PROMPT » Say how many of the lines below include the word "until". Only the number should be given.

·····

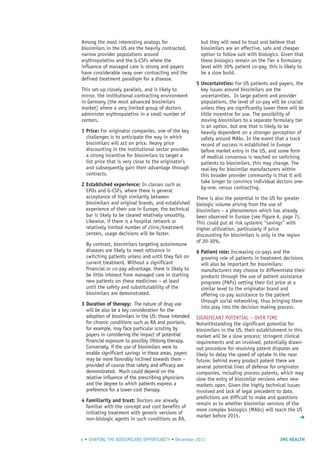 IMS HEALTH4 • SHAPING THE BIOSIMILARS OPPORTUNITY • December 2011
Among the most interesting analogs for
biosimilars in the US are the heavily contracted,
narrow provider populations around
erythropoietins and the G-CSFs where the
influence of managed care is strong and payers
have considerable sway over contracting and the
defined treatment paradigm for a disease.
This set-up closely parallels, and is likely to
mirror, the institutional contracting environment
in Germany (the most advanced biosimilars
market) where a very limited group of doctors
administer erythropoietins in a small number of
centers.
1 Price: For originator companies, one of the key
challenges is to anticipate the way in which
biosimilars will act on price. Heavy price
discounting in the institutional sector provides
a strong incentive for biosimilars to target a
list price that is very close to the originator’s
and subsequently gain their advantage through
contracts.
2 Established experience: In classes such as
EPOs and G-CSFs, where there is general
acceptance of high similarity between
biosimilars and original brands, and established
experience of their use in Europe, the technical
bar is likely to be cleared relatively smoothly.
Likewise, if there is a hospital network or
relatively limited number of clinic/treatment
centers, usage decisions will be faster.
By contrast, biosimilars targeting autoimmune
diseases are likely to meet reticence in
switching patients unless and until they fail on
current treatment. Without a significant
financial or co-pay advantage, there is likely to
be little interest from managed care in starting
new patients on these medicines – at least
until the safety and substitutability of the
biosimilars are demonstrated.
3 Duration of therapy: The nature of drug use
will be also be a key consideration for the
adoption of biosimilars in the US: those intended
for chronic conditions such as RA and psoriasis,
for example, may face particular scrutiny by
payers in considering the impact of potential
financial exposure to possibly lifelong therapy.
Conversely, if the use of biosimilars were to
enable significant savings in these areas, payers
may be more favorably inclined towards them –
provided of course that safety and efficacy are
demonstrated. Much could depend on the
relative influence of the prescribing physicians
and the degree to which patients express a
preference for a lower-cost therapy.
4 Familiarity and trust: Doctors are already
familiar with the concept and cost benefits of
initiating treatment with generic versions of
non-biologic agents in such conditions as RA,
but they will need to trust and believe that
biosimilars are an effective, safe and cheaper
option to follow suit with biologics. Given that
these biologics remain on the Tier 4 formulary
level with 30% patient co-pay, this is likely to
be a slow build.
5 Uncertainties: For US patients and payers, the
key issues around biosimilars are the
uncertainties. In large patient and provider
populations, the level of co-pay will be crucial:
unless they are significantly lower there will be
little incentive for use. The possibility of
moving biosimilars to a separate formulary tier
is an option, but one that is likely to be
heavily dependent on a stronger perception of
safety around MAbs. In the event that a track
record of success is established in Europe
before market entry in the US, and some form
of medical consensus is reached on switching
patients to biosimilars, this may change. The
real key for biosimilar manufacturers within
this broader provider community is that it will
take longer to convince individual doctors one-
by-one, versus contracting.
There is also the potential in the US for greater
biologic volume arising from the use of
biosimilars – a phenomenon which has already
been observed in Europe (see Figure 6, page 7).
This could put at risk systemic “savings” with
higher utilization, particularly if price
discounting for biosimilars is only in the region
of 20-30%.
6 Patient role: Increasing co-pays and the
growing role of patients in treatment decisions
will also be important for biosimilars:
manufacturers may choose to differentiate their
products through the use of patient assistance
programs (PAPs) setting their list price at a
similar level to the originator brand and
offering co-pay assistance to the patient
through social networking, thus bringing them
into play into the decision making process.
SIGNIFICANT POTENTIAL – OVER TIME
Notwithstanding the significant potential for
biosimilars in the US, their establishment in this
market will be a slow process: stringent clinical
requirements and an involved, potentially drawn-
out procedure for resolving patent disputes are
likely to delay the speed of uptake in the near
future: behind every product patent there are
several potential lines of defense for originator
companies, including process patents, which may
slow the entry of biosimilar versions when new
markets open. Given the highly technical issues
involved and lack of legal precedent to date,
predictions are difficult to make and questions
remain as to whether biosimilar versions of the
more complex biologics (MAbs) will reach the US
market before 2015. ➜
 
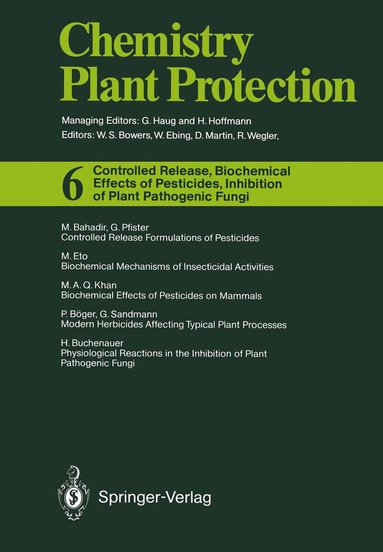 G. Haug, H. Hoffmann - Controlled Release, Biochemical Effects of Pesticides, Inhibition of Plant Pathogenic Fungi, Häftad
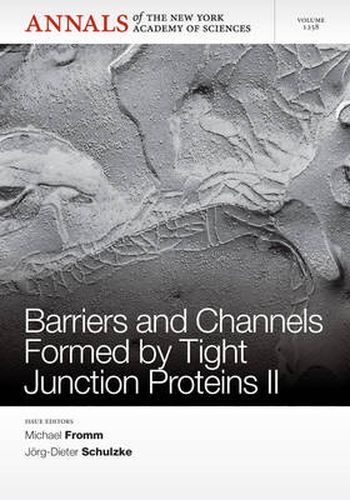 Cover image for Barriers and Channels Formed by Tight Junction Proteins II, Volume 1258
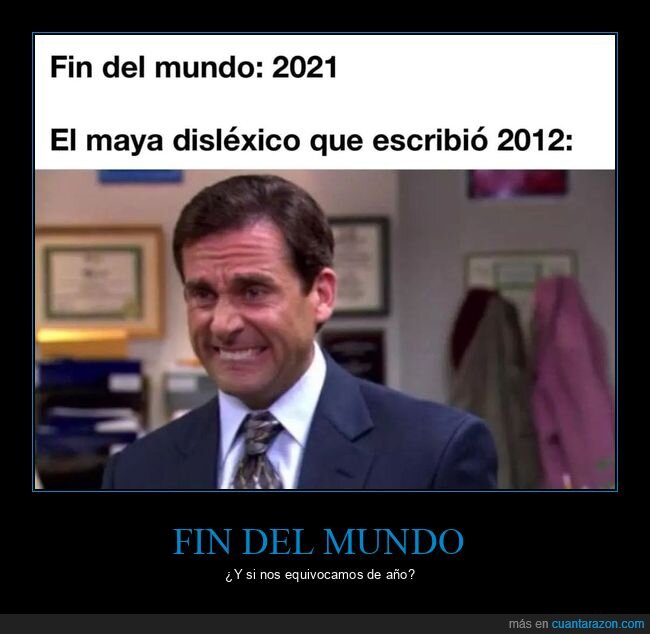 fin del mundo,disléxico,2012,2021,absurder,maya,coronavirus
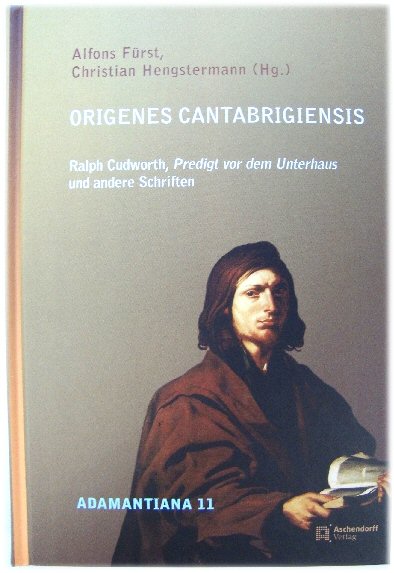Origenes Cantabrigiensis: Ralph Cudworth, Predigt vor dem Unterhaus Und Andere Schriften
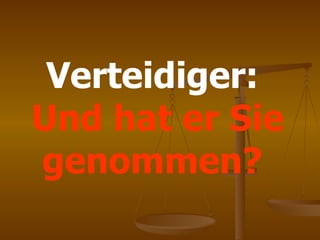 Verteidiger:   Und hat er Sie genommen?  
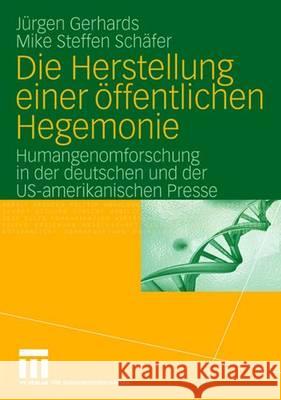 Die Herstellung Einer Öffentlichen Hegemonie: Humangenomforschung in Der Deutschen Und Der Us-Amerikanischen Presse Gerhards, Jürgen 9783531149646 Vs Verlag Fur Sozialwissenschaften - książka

·····

YOUR SOLUTION » 2